• Data shown
#####

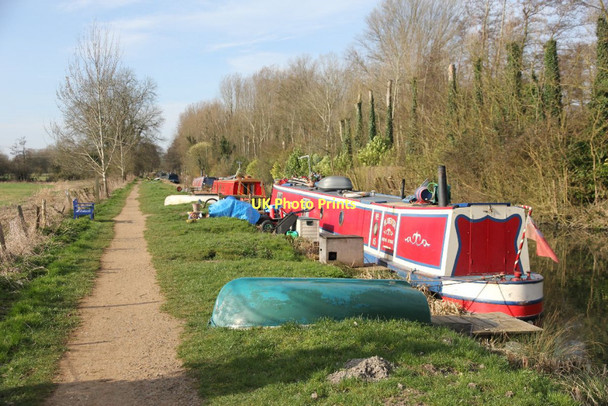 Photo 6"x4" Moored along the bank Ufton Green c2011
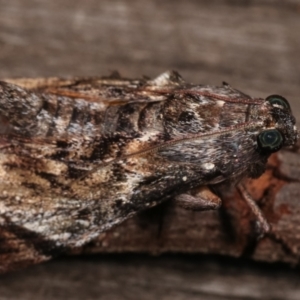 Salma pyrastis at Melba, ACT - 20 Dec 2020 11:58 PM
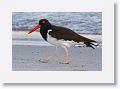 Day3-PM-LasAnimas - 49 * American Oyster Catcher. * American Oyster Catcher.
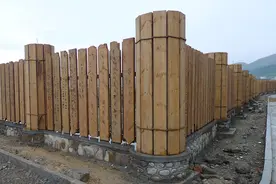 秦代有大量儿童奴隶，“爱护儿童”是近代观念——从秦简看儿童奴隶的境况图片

#####

• Exercise
Transcribe the lines that run from the line bearing "Salma pyrastis at" through the last line of the data. Keep the wording exact and leave out every picture.

• Exercise answer
 Salma pyrastis at Melba, ACT - 20 Dec 2020 11:58 PM
 Day3-PM-LasAnimas - 49 * American Oyster Catcher. * American Oyster Catcher.
 秦代有大量儿童奴隶，“爱护儿童”是近代观念——从秦简看儿童奴隶的境况图片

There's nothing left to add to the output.